How are you finding them? Are they a good modification? Will they last longer than the original bolts?


----------



## huskymac (Oct 28, 2010)

*flipance*

I have only been milling about 3 years now and in those 3 years my guess would be I have around 300 hours in the field milling. Most of my milling is 4/4 or 8/4 so I don't really need to change the mill height that often. If your milling beams or adjusting the mill a lot to pull that perfect slab out of a given log the clamps could see more use. 

The original U bolts were a sore spot for me from the moment I put the mill together but I thought I would give them a shot. They did the job but were slow and clunky to deal with just as I thought while assembling the mill. They lasted a year and a half before I started to notice them galling up. I put up with them the rest of that season and started this season with the new U bolts and clamps.

I think I have around 50 hours on the new bolts and clamps now. As I said before even if they only last me 100 hours of milling I think for the price there worth that. They show no signs of wear so far.


----------



## AaronB (Oct 31, 2010)

huskymac said:


> I think I have around 50 hours on the new bolts and clamps now. As I said before even if they only last me 100 hours of milling I think for the price there worth that. They show no signs of wear so far.

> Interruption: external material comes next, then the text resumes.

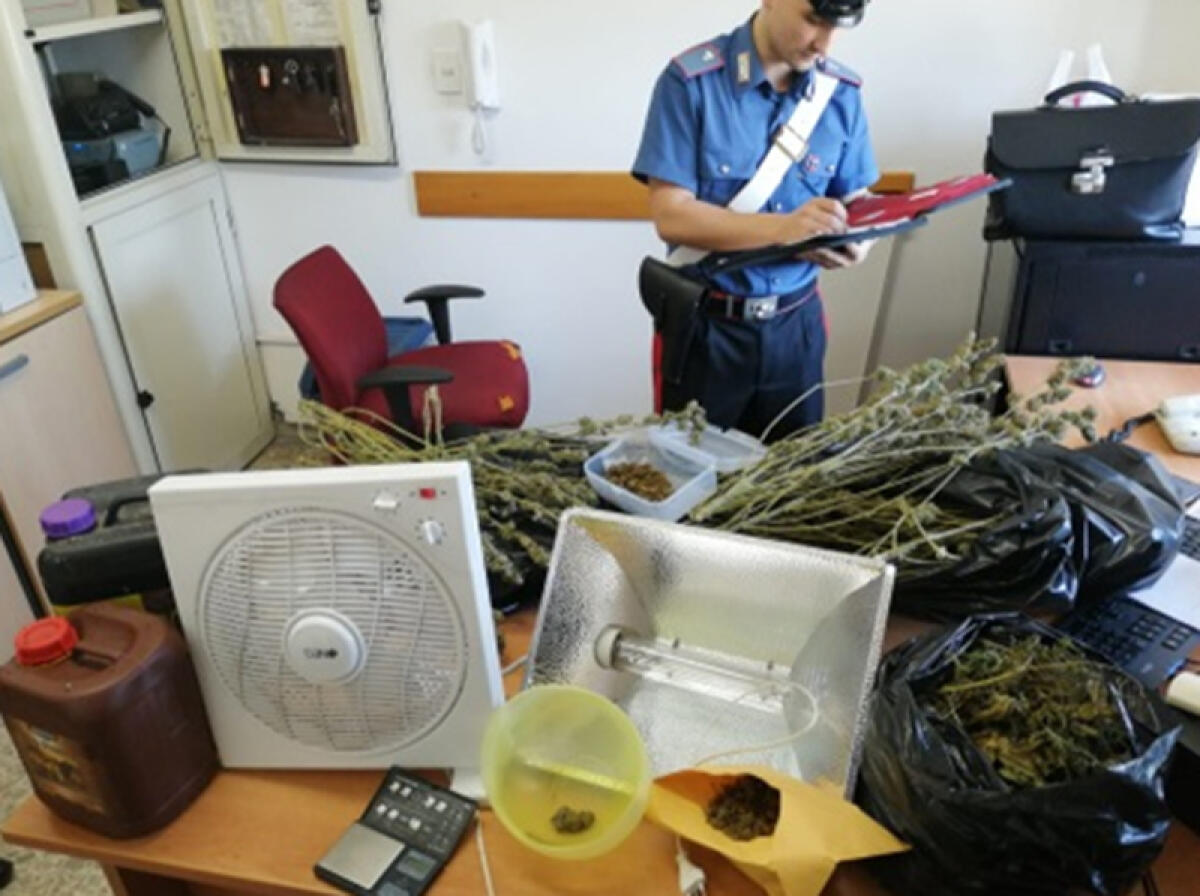 Quasi 2 chili di marijuana in casa, 40enne di Aprilia in arresto -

so no vibrating loose or anything?


----------



## billstuewe (Oct 31, 2010)

I still am using the AK-III u-bolts and nuts. They did gall and sieze up and I broke them off--oddly both at the same time. I bought new u-bolts and nuts at the local hardware store and this time I added that grey anti-sieze grease--WOW what a difference! I highly recomend using that stuff. No more galling and the nuts tighten and loosen easily.


----------



## flipance (Oct 31, 2010)

billstuewe said:


> I still am using the AK-III u-bolts and nuts. They did gall and sieze up and I broke them off--oddly both at the same time. I bought new u-bolts and nuts at the local hardware store and this time I added that grey anti-sieze grease--WOW what a difference! I highly recomend using that stuff. No more galling and the nuts tighten and loosen easily.

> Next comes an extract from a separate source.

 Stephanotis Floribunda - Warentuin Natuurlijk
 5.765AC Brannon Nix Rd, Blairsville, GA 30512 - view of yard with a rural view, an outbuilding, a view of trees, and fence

 Hi it would be usefull to know what that grey anti-sieze greese was? Thanks!


----------



## billstuewe (Nov 1, 2010)

Copy and past this url:
http://www.amazon.com/gp/product/B0..._m=ATVPDKIKX0DER&pf_rd_r=0HZYMEDSR3Z32HRN5FMP


----------



## flipance (Nov 1, 2010)

billstuewe said:


> Copy and past this url:
> http://www.amazon.com/gp/product/B0..._m=ATVPDKIKX0DER&pf_rd_r=0HZYMEDSR3Z32HRN5FMP


 Thanks Bill I am on my second set of u bolts and bought some longer Nuts from the hardware store, i think they called them coupling nuts. Anyway I will get some of that anti-Sieze and try it!


----------